This is a project for the Parallel Systems course provided by the Department of Informatics and Computer Engineering, in University of West Attica. It is written in C and uses the OpenMP library.
This exercise works on Diagonally Dominant Matrices (DDM).
The exercise is split into four parts where in each part the goal is achieved using parallel computations provided by the OpenMP library. The four parts are:
- Part A: Determine if the input matrix is diagonally dominant
- Part B: Find the largest diagonal element using reduction
- Part C: Generate a new square matrix (see Part C: New Matrix)
- Part D: Find the smallest element of the matrix generated above.
Part D is implemented in three different algorithms. See below for more details.
This project was developed and tested in Ubuntu 22.04 with the use of a virtual machine. Both the host and the virtual machine were of x86-64 architecture. The virtual machine utilized 4 CPU threads and 6GB RAM. As such, all tests of the parallel portions of the program were conducted with 2, 3 & 4 threads.
The average time needed for the various program versions to complete is shown on the graphs below.
All tests executed with 4 threads.
In the following paragraphs the way the program works is explained in detail, as well as the ideas behind the code. A PDF version of the following is also provided, albeit written in Greek.
There are three different source files that can be found in the source directory. Each one implements one of the three different algorithms used in Part D but are otherwise identical. More details about these files can be found there. Also, in the tools-source directory, the source code of the tool that generates input files can be found.
When running any version of the program the input matrix is provided by a binary file. These files are called 'Test Files' in the documentation and are generated by the gen tool (see tools-source). Test files must be placed in a directory called "test". The test file format is fairly simple, consisting of just a 16 byte header and then the raw data of the matrix.

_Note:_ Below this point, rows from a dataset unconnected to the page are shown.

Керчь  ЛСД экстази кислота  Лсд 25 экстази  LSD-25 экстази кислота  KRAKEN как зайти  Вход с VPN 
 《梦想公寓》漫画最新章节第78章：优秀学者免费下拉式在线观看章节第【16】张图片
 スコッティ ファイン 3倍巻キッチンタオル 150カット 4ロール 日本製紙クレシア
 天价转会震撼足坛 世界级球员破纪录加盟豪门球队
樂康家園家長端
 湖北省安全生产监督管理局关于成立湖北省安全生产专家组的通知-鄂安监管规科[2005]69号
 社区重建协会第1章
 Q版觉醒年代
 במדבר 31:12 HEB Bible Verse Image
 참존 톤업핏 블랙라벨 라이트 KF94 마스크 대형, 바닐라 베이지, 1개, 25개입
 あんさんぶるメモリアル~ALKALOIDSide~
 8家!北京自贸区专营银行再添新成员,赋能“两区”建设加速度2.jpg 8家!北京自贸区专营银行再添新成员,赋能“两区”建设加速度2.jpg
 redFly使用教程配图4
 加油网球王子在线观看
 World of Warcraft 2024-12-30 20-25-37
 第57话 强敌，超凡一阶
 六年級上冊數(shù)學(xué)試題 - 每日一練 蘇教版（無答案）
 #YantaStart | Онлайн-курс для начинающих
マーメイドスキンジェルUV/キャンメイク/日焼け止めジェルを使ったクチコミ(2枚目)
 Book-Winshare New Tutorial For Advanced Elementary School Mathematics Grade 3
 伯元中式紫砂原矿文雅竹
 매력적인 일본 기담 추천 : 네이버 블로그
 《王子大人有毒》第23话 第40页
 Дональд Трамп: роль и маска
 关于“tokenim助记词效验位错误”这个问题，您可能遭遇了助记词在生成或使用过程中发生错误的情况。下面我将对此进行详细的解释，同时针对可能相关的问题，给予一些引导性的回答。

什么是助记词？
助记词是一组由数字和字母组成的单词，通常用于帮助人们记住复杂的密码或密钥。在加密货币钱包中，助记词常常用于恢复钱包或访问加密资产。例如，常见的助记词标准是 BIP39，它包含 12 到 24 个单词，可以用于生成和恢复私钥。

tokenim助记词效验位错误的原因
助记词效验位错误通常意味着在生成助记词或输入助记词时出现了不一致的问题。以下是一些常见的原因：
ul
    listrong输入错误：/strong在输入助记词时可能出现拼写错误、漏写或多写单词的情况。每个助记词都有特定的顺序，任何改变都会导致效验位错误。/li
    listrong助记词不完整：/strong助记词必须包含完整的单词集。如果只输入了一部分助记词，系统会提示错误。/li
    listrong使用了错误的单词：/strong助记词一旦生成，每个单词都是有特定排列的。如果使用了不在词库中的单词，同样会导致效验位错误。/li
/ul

The header consists of the number N, the flag byte and a few padding zeros.
In this section of this page the individual parts are explained. During execution, some memory "book-keeping" procedures take place so that memory allocated no longer used can be freed.
The program is initiated via a command line interface with the test file number provided as an argument. The program will search for the specified input file in the test directory.
In order to check efficiently if a matrix is Diagonally Dominant all rows must be summed and compared to their diagonal element. Since each row check is completely independent from the other rows, each thread can check a number of rows.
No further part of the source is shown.